Please set down the data again exactly, minus the pictures.

**RECORDED DATA**.
_____
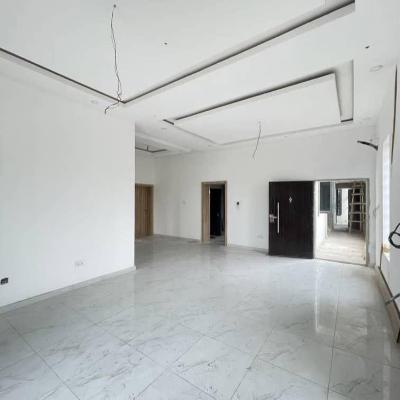 Perfectly Built 3 Bedroom Apartment, Yaba, Lagos, Flat / Apartment for Sale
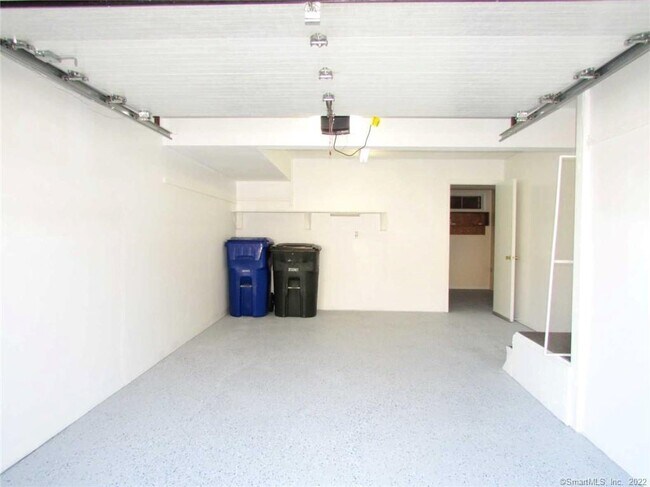 Building Photo - 1229 Winsted Rd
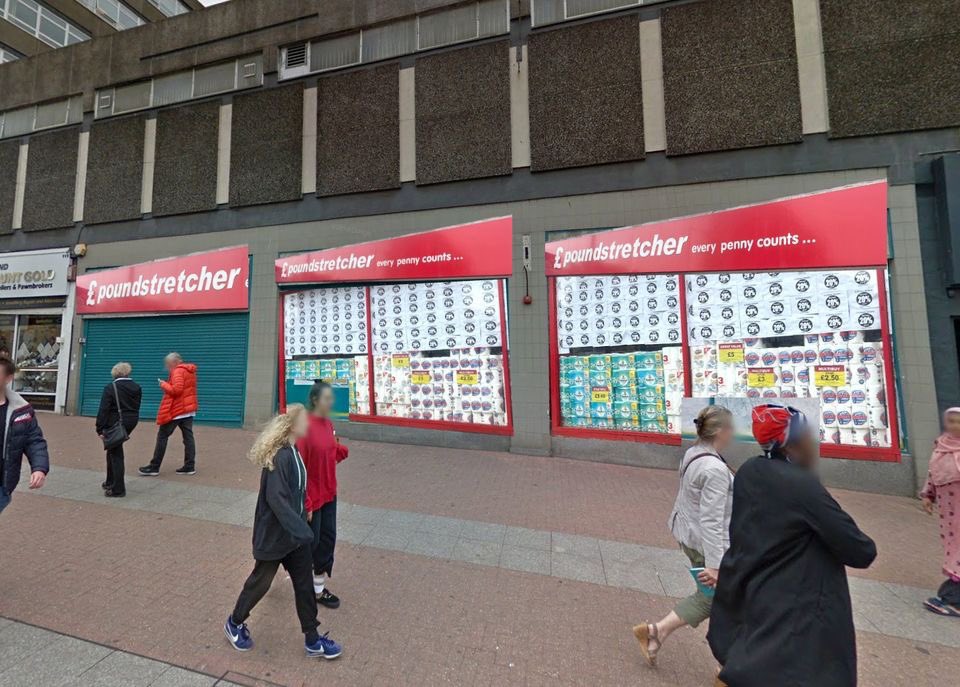 People have asked for new stores to open in Southend High St, to entice shoppers back. We can now reveal that a new Poundstretcher is opening soon. The discount retailer is taking over a unit that has been empty for 6 years. What brands would you like to see come to Southend?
_____
**FINISHED TASK**.
 Perfectly Built 3 Bedroom Apartment, Yaba, Lagos, Flat / Apartment for Sale
 Building Photo - 1229 Winsted Rd
 People have asked for new stores to open in Southend High St, to entice shoppers back. We can now reveal that a new Poundstretcher is opening soon. The discount retailer is taking over a unit that has been empty for 6 years. What brands would you like to see come to Southend?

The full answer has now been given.